**What the task asks**
Extract, word for word, each line from the line holding "Vegan Menu +" through the end of the records. Omit every picture.

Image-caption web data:
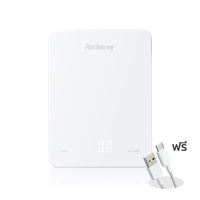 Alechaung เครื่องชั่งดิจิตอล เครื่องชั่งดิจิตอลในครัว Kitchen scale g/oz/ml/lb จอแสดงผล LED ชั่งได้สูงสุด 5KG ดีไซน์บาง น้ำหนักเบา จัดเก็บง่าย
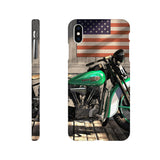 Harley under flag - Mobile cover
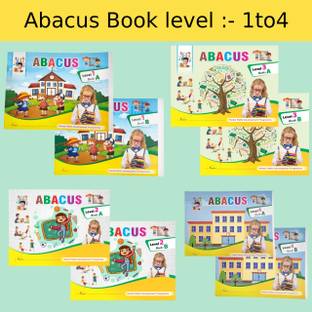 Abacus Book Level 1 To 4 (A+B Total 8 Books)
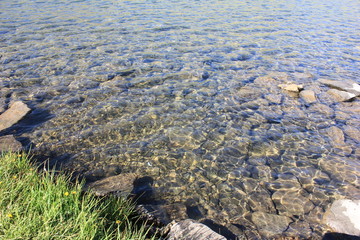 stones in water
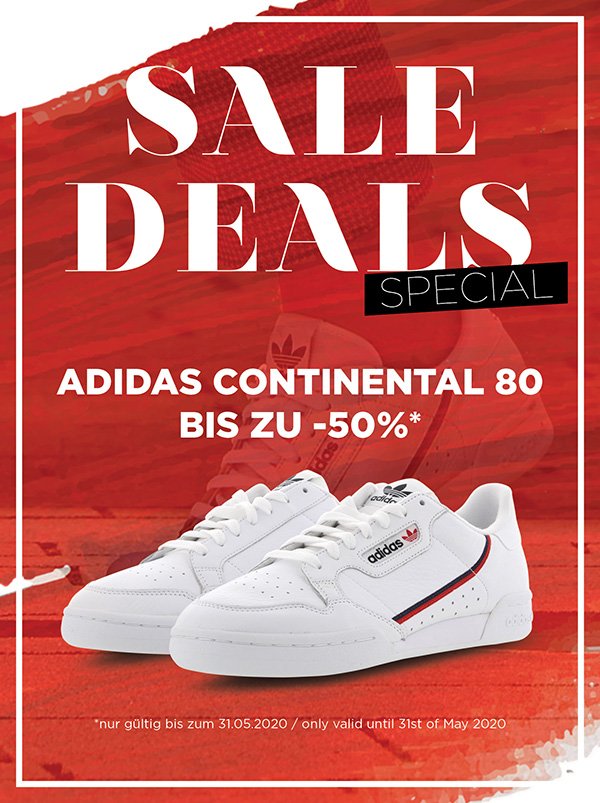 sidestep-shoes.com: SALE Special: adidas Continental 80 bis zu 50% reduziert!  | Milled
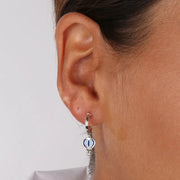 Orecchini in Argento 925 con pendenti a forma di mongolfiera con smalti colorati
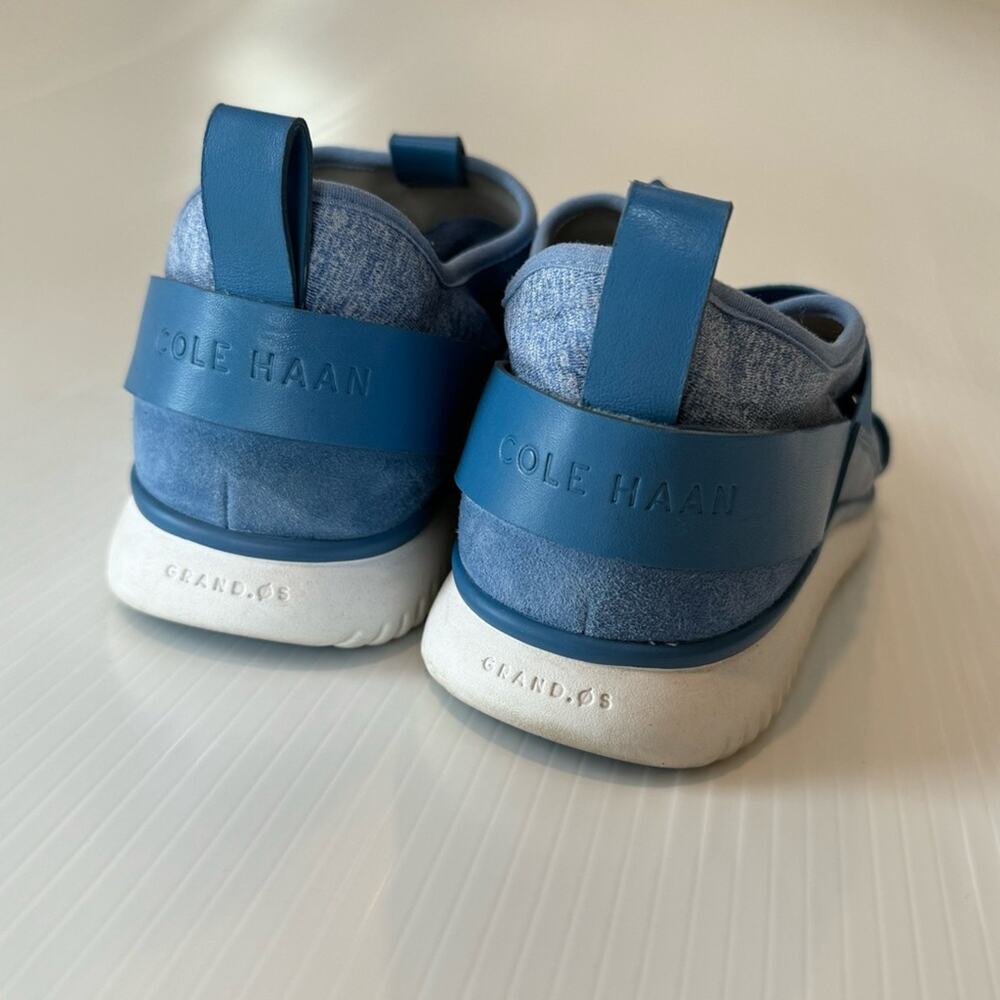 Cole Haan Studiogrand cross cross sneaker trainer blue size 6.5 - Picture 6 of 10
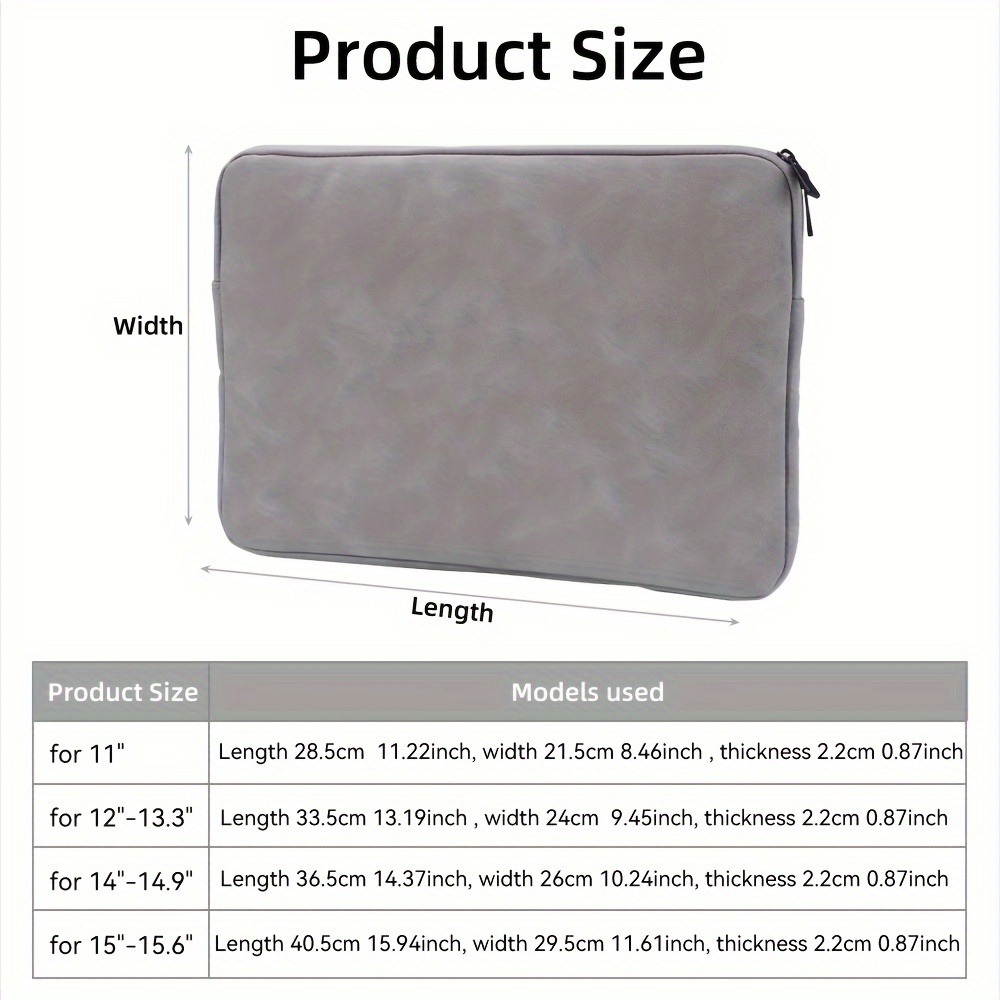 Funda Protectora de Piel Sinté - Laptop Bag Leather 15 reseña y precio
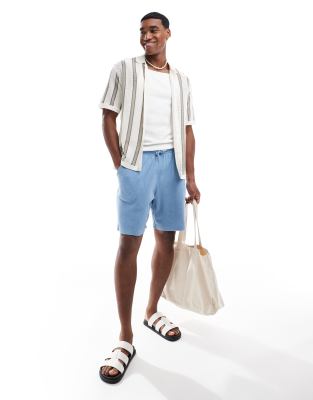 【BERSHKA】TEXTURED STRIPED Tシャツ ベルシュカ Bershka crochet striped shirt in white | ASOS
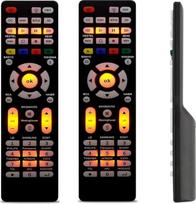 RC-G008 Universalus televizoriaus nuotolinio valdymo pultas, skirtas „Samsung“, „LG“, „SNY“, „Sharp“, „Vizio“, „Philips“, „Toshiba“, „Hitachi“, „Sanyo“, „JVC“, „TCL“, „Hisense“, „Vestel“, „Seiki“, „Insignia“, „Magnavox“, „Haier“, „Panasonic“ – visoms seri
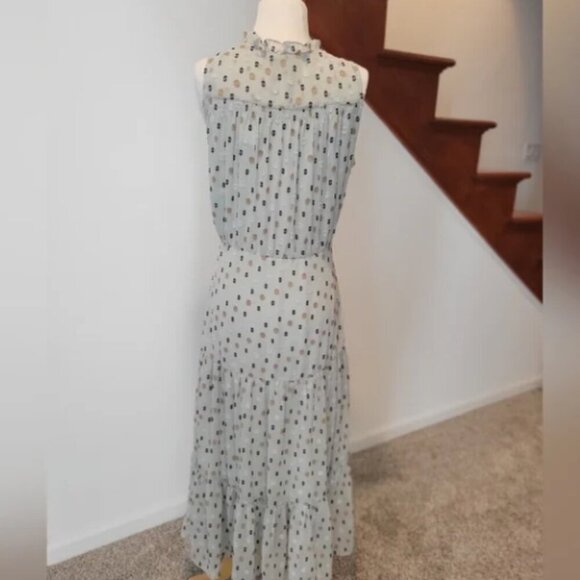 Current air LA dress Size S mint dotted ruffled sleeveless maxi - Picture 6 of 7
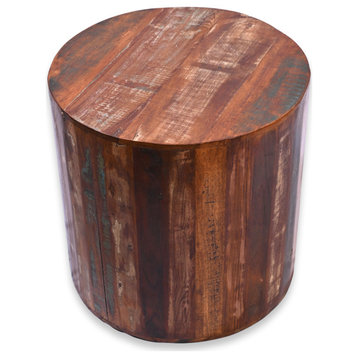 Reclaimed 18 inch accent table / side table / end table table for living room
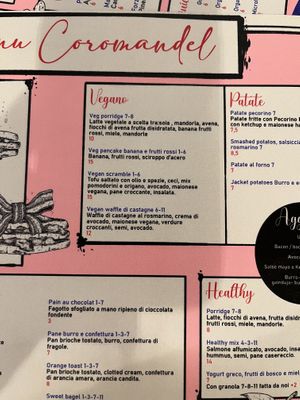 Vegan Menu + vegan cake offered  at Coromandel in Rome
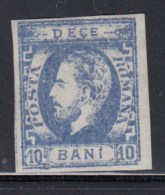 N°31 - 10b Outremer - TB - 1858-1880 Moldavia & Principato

**Task solution**
 Vegan Menu + vegan cake offered  at Coromandel in Rome
 N°31 - 10b Outremer - TB - 1858-1880 Moldavia & Principato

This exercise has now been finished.